Das türkische Kulturministerium hat die Vorführung einer Doku über die PKK untersagt. Aus Protest zogen fast alle Filmemacher ihr Werk zurück.

Besucher studieren das Programm des Istanbul Film Festivals. Sehen Sie heute: nichts. Bild: dpa

ISTANBUL taz | So etwas hat es in der Türkei noch nicht gegeben. Das wichtigste Filmfestival des Landes, das Istanbul Film Festival, ist am Montag vorzeitig abgebrochen worden. Der Grund ist eine Protestaktion von über 100 türkischen Filmemachern, die sich gegen die Zensur eines Dokumentarfilmes durch das türkische Kulturministerium zur Wehr setzten.

Da daraufhin nahezu sämtliche türkischen Filmemacher ihre Werke vom Festival zurückzogen, mussten alle Wettbewerbe gestrichen werden, erklärte die Direktorin des Festivals, Azize Tan, am Montag. Die Goldene Tulpe für den besten Film wird es in diesem 34. Jahr des Festivals nicht geben, auch die Auszeichnungen für Dokumentarfilme und andere Sondersparten entfallen.

Der Dokumentarfilm „Bakur“ (Norden), dessen Vorführung das Kulturministerium kurzfristig unterband, beschreibt den Alltag der PKK-Kämpfer in ihren Lagern im Nordirak. Das Ministerium zog sich für seine Intervention auf einen formalen Grund zurück.

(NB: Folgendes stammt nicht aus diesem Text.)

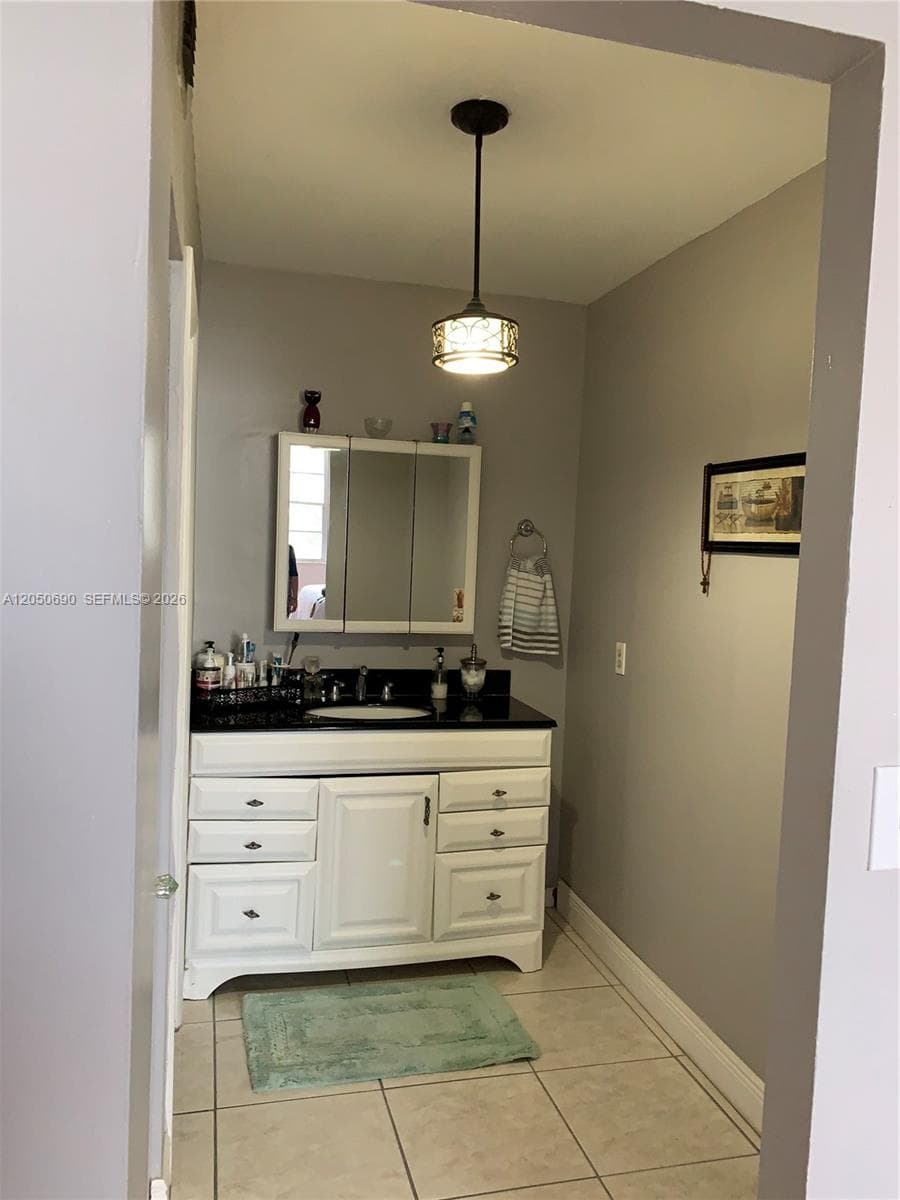 2025 NE 164th St # 808, North Miami Beach, FL 33162 photo 3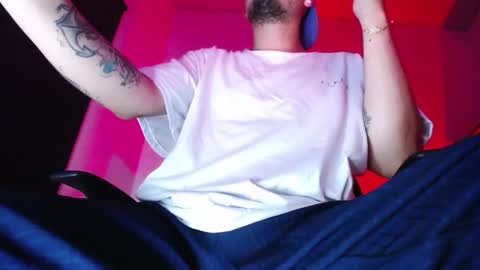 Snapshot of zac_watson chatting on 11-22-25, 01:37 Zac Freelance model online show from 11-22-25, 01:37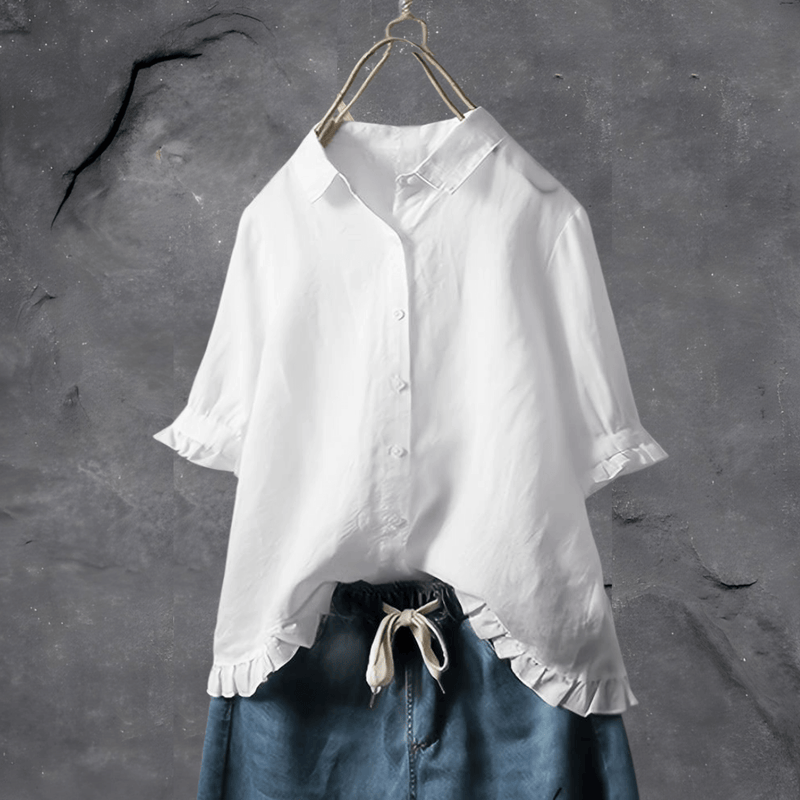 Lichtgewicht zomerse damesblouse met korte mouwen en ruche details, perfect voor warme dagen en een frisse uitstraling.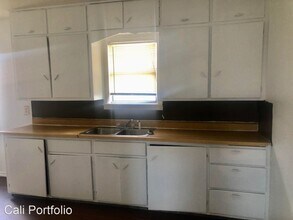 3120 Emory St in Lubbock, TX - Foto de edificio - Building Photo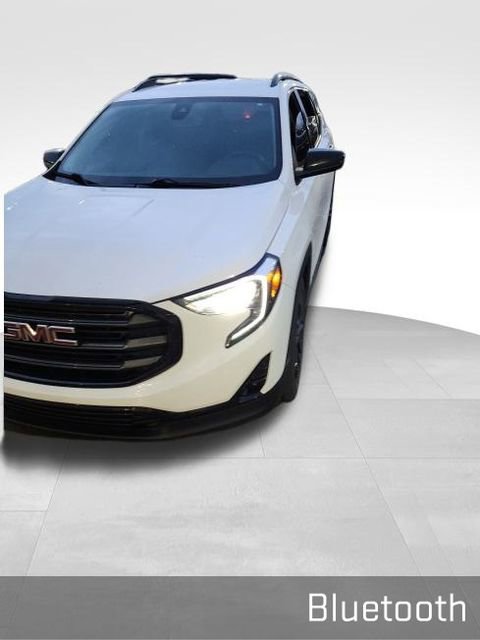 Used 2020 GMC Terrain SLT w/ Elevation Edition image 2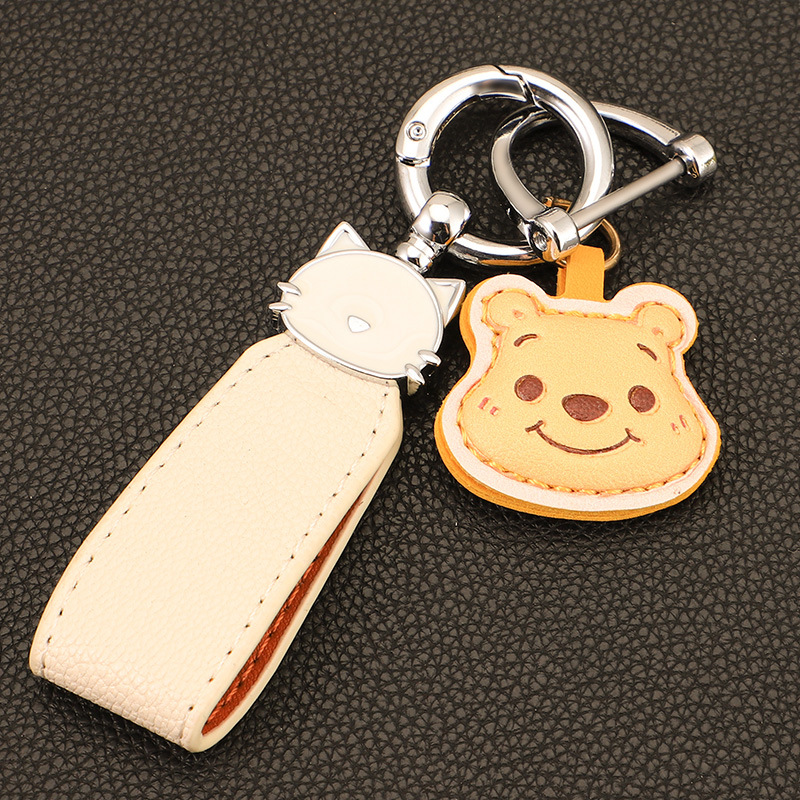 Macaron color gato cuerda de mano llavero de coche colgante de oso de fresa colgante de llavero de oso de cuero de alta calidad colgante de llavero de oso Pooh
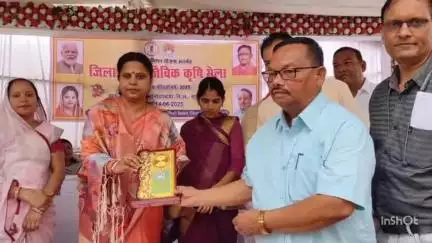 महासमुंद: जिले में जैविक खेती को बढ़ावा देने के लिए ग्राम बोडराबांधा में आयोजित हुआ कृषि मेला, दी गई जानकारी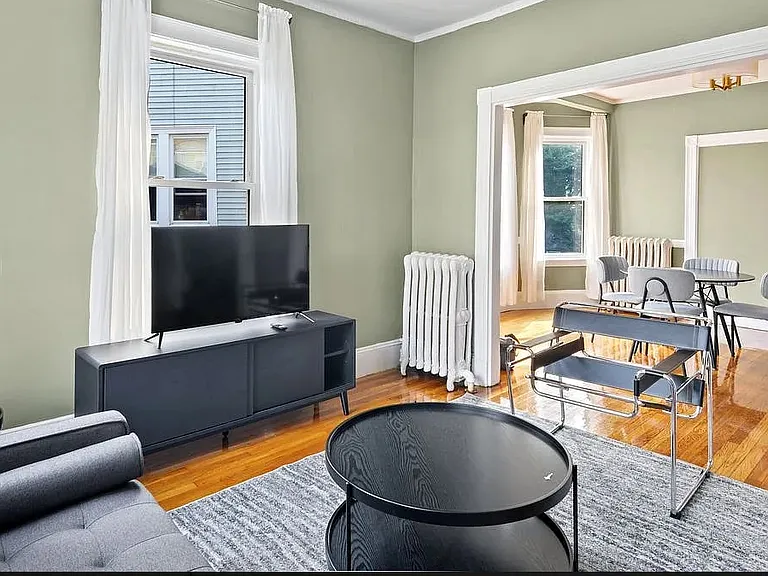 4 Haskell St #1A — Photo 7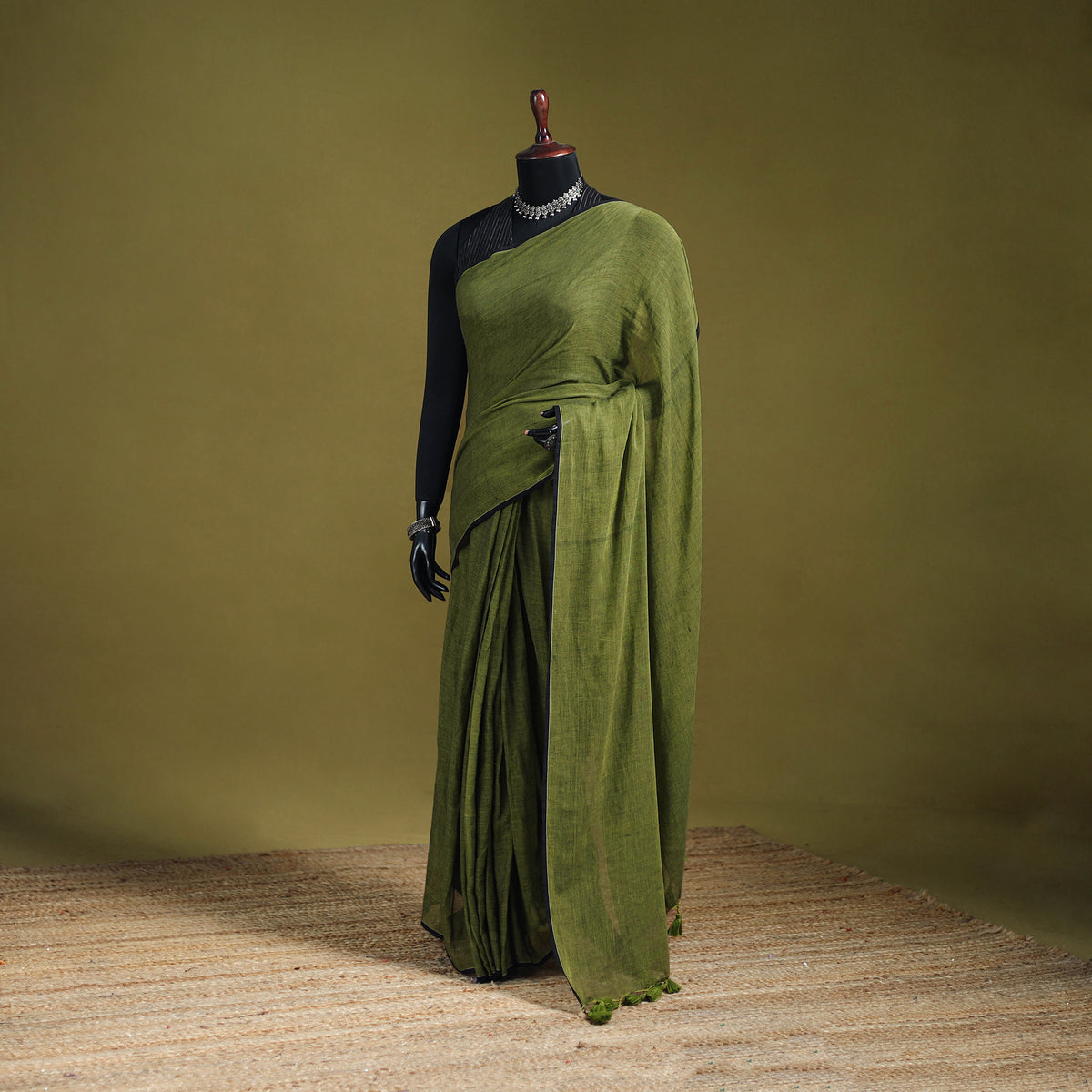 Plain Pure Mul Cotton Ready To Wear Saree 06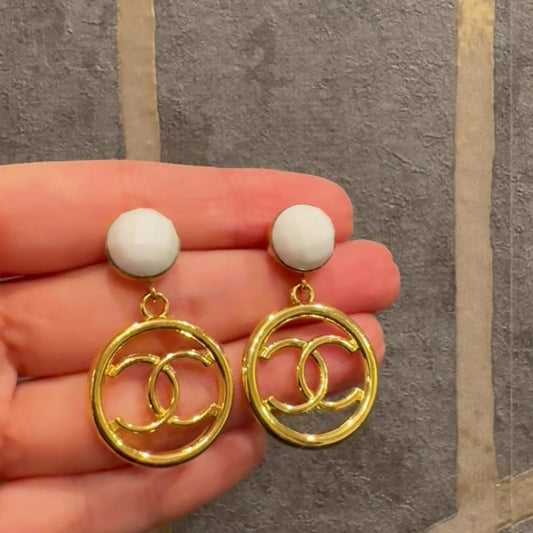 Circle Luxe White Agate Earrings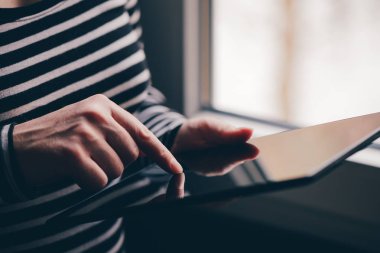 Tablet bilgisayar kullanan kadın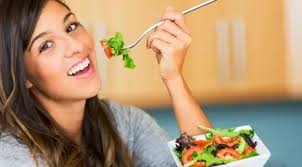 Beragam buah dan sayur mengandung kalori rendah dan kaya akan serat, sehingga sangat baik untuk. 5 Menu Salad Yang Tidak Disarankan Untuk Diet Beauty Fimela Com
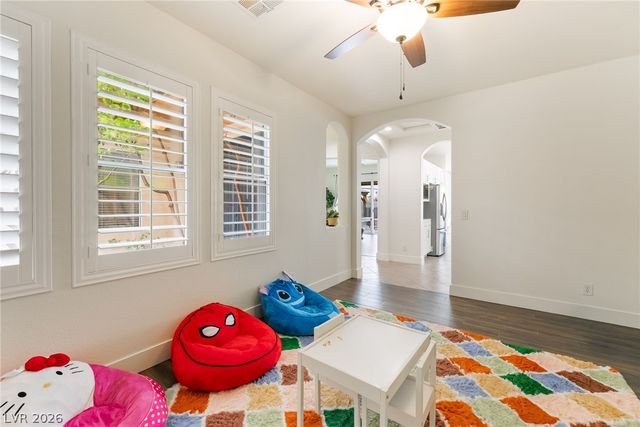 8101 Mountain Forest Court, Las Vegas, NV 89129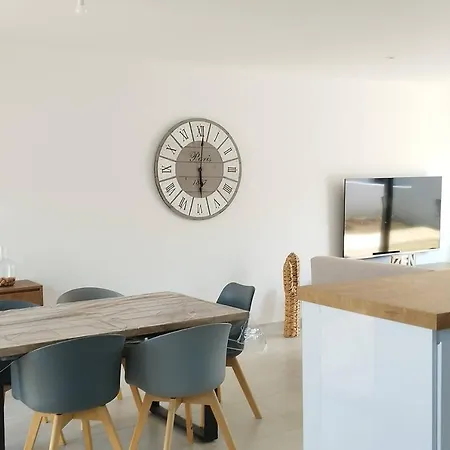 Maison Neuve St Gilles * 圣吉尔-克鲁瓦德维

Der Film hätte wie alle inländischen Filme, die auf dem Festival gezeigt werden sollten, eine Genehmigung des Ministeriums gebraucht. Diese Genehmigung habe aber nicht vorgelegen. Tatsächlich waren auf dem Festival bereits andere Filme gezeigt worden, die ebenfalls keine Genehmigung des Ministeriums hatten, weshalb alle Beteiligten die Begründung für die Zensur als vorgeschoben betrachteten.

Das Besondere am Abbruch des Festivals ist, dass sich dafür eine breite Koalition gegen das Kulturministerium bildete. Nicht nur die Filmemacher, unter ihnen auch der derzeit prominenteste türkische Regisseur, Nuri Bilge Ceylan, auch die Jury und selbst die Festivalleitung plädierten für den Abbruch. Das ist ein bislang beispielloser Protest gegen die Kulturpolitik der regierenden islamischen AKP. Die Festivalleitung rief die Künstler dazu auf, zu den Zeiten, an denen ihre Filme hätten laufen sollen, zu öffentlichen Debatten in die Kinosäle zu kommen.

Mit dem Wirbel um den Abbruch des Festivals wird „Bakur“ nun erst recht populär werden. Dabei liefert der Film Stoff zum Streiten. Nach dem, was man über ihn hört, ist er sehr PKK-freundlich, manche sprechen von Propaganda. Für die türkische Kulturszene ist es deshalb schon ein wichtiger Schritt, dass er es überhaupt ins Festivalprogramm schaffte. Dass sich nun alle Filmemacher und fast die gesamte türkische Linke gegen die Zensur wehren, zeigt, wie sehr die PKK ihren Schrecken verloren hat.